Она кивнула – но не могла заставить себя подняться. Он легонько толкнул ее в плечо. И она все понимала, но как будто не было сил…
– Да что с тобой, гроб и свечи?!
И что она могла ему ответить – кроме самого очевидного? Только смотреть большими глазами, полными темной воды…
И его собственные глаза потемнели под этим взглядом.
– Тебе что, особое приглашение нужно?
Она покачала головой, продолжая смотреть на него.
– А что тогда? Смотри, за косы выдеру! У меня от тебя сейчас опять сердце прихватит!
– А я? – вдруг не выдержала она. – У меня-то… уже давно!
– Да о чем ты только думаешь, ненормальная?
– О вас!
– Так… так, как я думаю? Мадрид и Лиссабон!
– А… как вы думаете?
– А об этом вообще думать нельзя! – лицо его снова покрывала серая бледность.
И Озма испугалась. А если и впрямь доведет его… И чисто инстинктивно подалась к нему. А он даже отстраниться не смог. Чем ближе – тем почему-то было легче. Хотя сердце билось чаще… Но уже по другой причине.
Это было безумием – обнимать ее вот так… И в то же время прекрасно и правильно. Настолько правильно, что голова кругом шла.
А девочка так и льнула к нему, шепча:
– Я вас люблю, я без вас жить не могу…
Это было безумием… Но прекратить его не получалось. А остановить поток слов – только одним способом. Прижаться губами к губам.
И потом только понять: вот теперь все. Перешел черту.
И обратно – никак. И что самое страшное – не хочется. И девочка неумела, но так горяча… что сердце вот-вот разорвется. Но уже не от боли, а от этого жара, от этой юности… И от чувства, которое рвется на свободу. И хочется сказать: не отпущу. Никогда! И губы говорят это – без слов, одним только непрекращающимся поцелуем.
Наконец обоим перестало хватать воздуха. И они поглядели друг на друга пьяными глазами.

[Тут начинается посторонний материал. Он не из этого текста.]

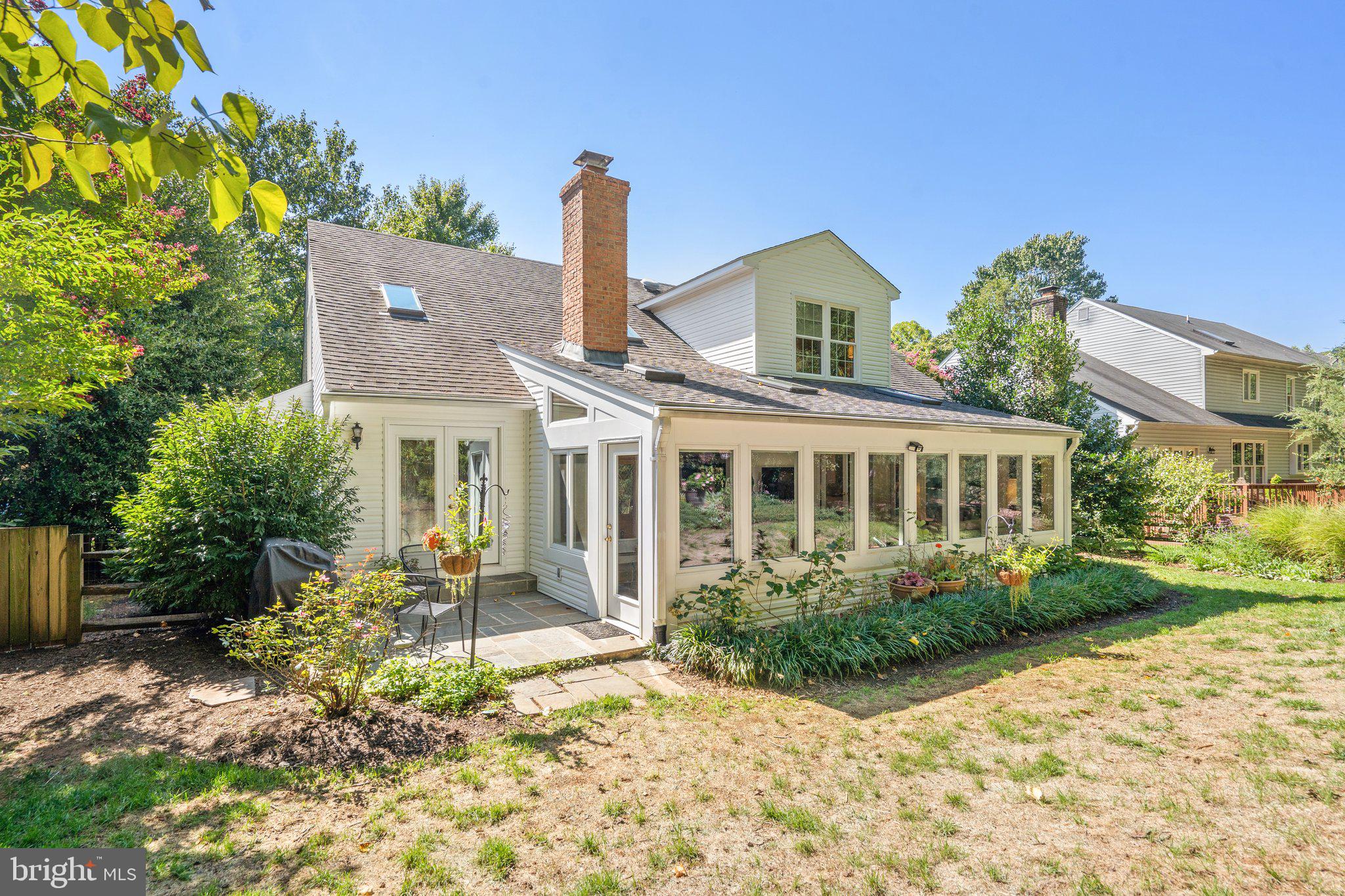 FAIRWAY MANOR - Residential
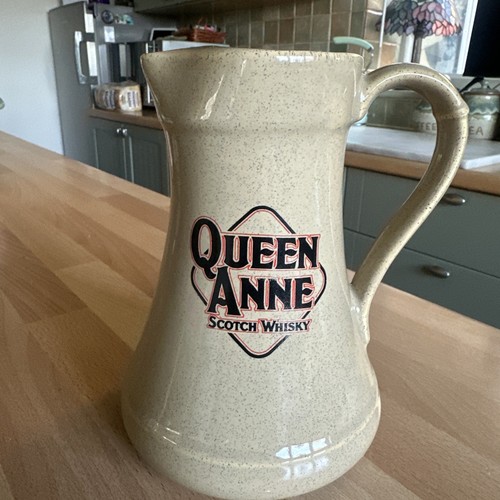 Whisky water jug queen anne - whisky,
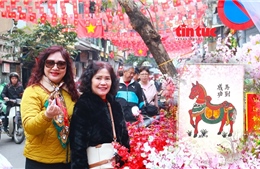 Chợ Tết phố cổ Hà Nội tấp nập người mua sắm, chụp ảnh đón năm mới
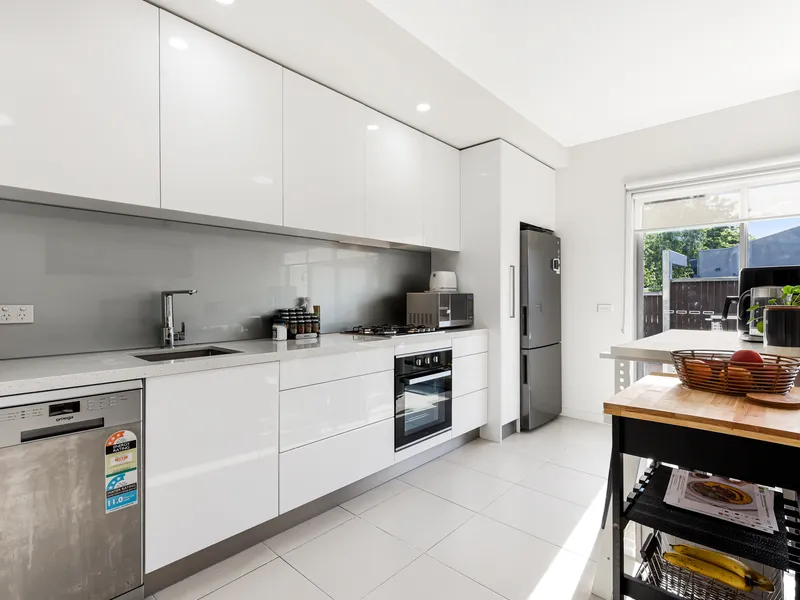 STUNNING TWO BEDROOM GROUND FLOOR APARTMENT WITH COURTYARD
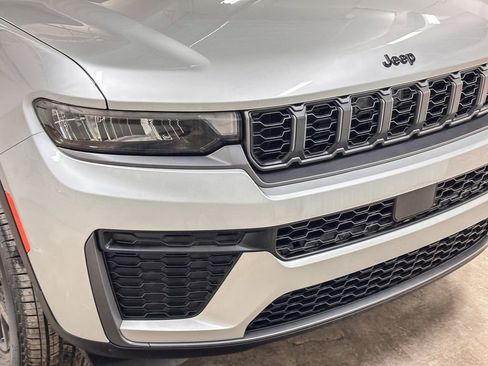 New 2026 Jeep Grand Cherokee Laredo image 12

– Ты… – только и выдохнул Расщепей. Остальные слова куда-то исчезли.
– Я вас люблю, – повторила Озма.
– Да как же ты…
– … И не переставала любить…
– Ненормальная! Не поверю, чтобы с самого начала…
– Я просто не понимала, насколько.
– И чтобы понять, тебе нужно было… – он опять не нашел слов.
– Нет, я поняла раньше. Каждый день видя вас с моей матерью. Я с ума от стыда сходила, но… но…
– Но так себя и не поборола. Печально это, Алечка. И вдвойне печально, что я-то себя тоже побороть не сумел.
– Ой… А вы боролись? И давно?
– Дольше, чем ты.
– Да вы что… Вы же маму давнее знаете, я думала – вы ее уже любили все эти месяцы…
– Я и сам так думал…
– И что же? Тоже поняли, что ошиблись? – она смотрела на него в ужасе.
– Хотел бы сказать, что все не так, но… куда от правды денешься? Мы с твоей мамой кинулись друг другу в объятия просто от одиночества. А потом появилась ты…
– С ума сойти… И что же нам теперь делать?
– Если б я знал… Но я знаю только то, чего делать не надо.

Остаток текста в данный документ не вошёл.